Changes here affect every product page that displays a specification table — there's no per-product or per-table style override. If you need a different look on one product, you can do that at the theme level with CSS targeting the body class or product ID.

Enable Group Heading

A specification table is made up of groups (Display, Performance, Camera) and the attributes inside each group. This toggle decides whether the group name appears as a heading row above its attributes, or whether the attributes flow through with no visual break between groups.

Screenshot: side-by-side comparison — left shows table with "Display" / "Performance" heading rows, right shows the same attributes with no group separators

Enabled (default): the table looks like several mini-tables stacked, each labeled with its group name. Easier to scan when you have 20+ attributes spread across many groups.
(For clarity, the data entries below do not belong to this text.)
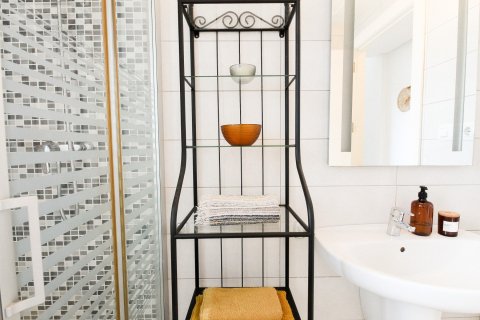 Radhus till salu i Torrevieja, Alicante, Spanien 2 sovrum, 81 kvm. Nr. 155056 - foto 24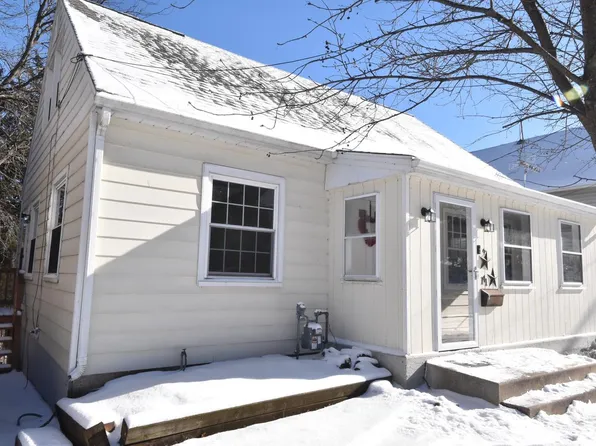 141 S Concord AVENUE, Watertown, WI 53094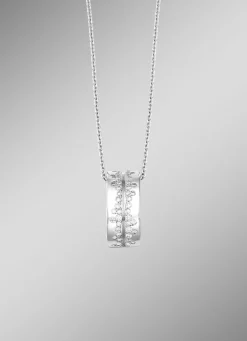 Klassischer Anhänger mit synth. Zirkonia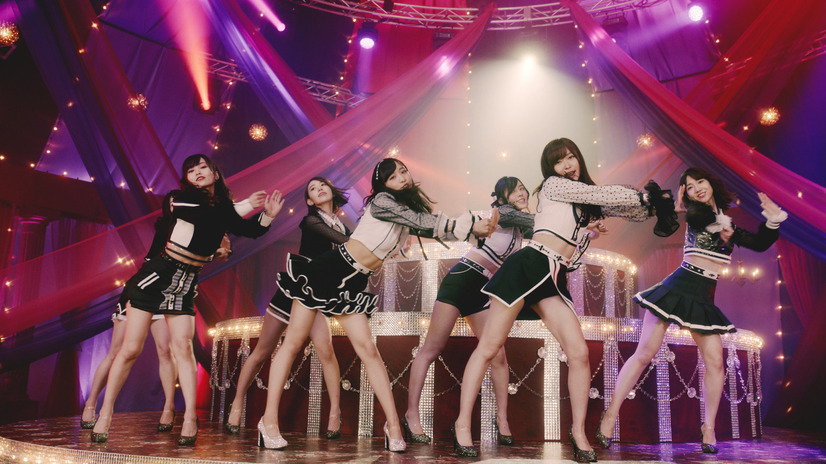 妖艶な脚線美に注目！AKB48ニューシングル「Teacher Teacher」MVが解禁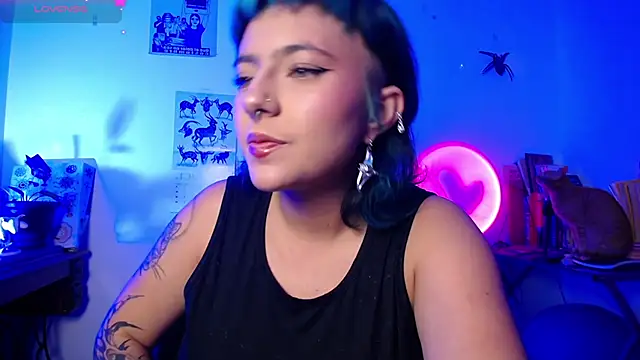 AlmaNanax online show from November 2025 04:49:01 AM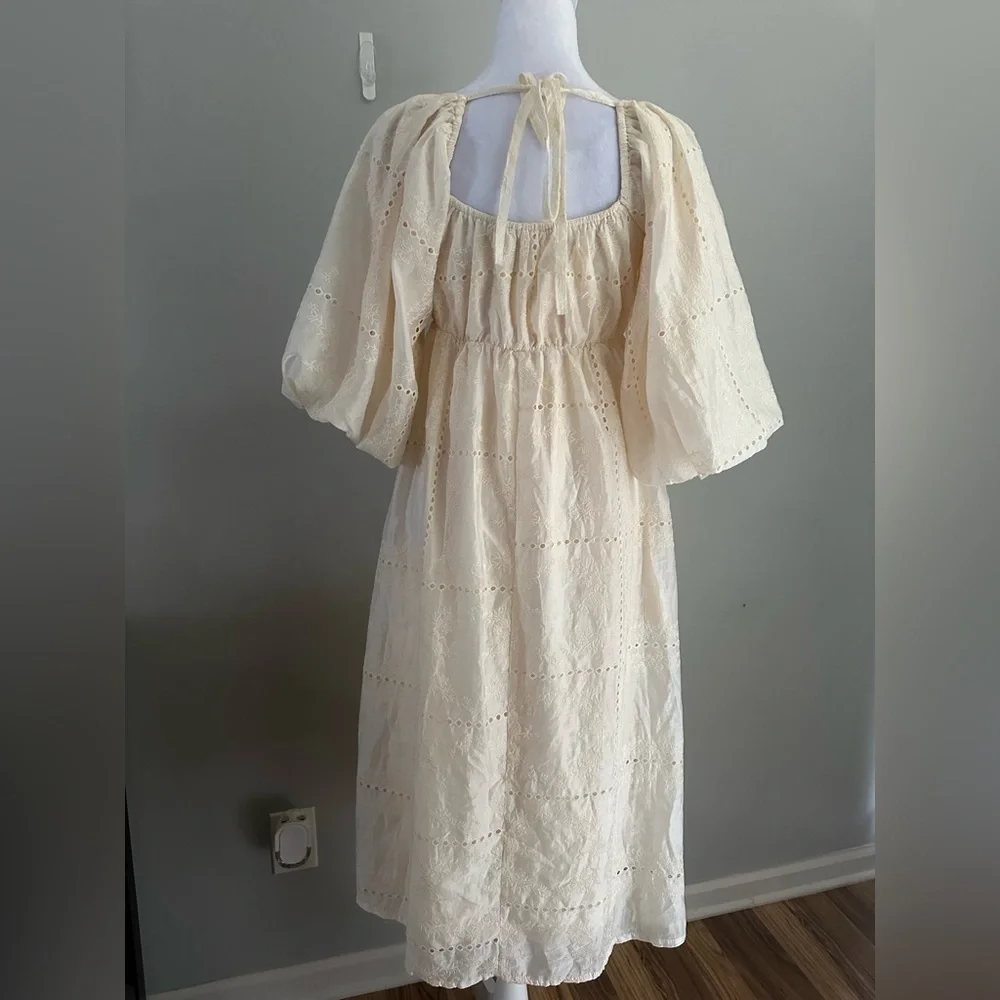 Listicle Cream Twist-Front Cutout Puff Sleeve Eyelet Midi Dress Size Medium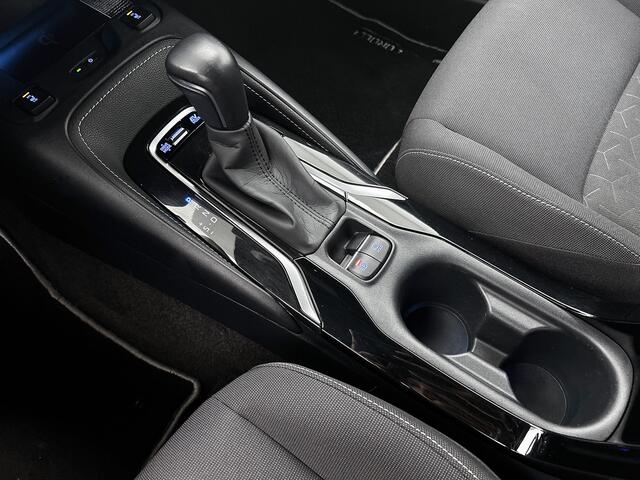 Toyota COROLLA 2.0 Hybrid Dynamic | Navigatie | PDC |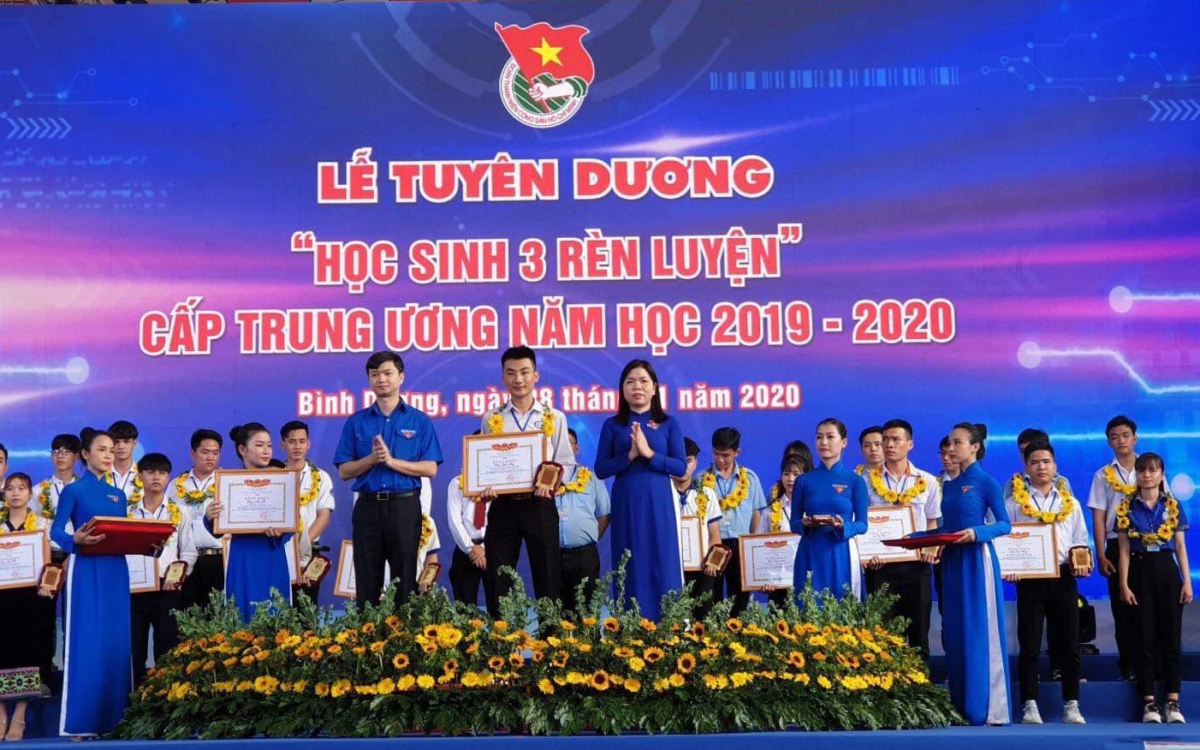 Tuyên dương “Học sinh 3 tốt” và “Học sinh 3 rèn luyện” cấp Trung ương năm học 2020 – 2021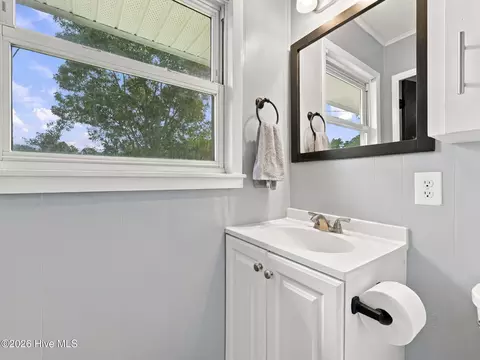 Bath - 111 Riegel Dr, Hubert, NC 28539 photo 3 of 4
Disabled: the table is one continuous list of attribute rows with no group separators. Cleaner when you only have one group, or when your spec table is short enough that headings feel like noise.

Specification Styles

A dropdown that picks one of five visual presets for the table. Each preset is a CSS class applied to the <table> element on the product page; your theme's own styles still apply on top.

The five presets:

  • Striped Table — alternating light background on every other row. Good readability for long tables.
  • Bordered Table — visible borders around every cell. Most structured look; works well in catalogs that show many attributes.
  • Hoverable Table — row highlights as you mouse over it. Subtle but useful for very long tables.
  • Condensed Table — tighter vertical padding, more rows visible at once. Best when shoppers know which row they want and want to scan fast.
  • Colored Table — accented row backgrounds tied to the plugin's color palette. Use when you want the spec table to feel like a deliberate design element.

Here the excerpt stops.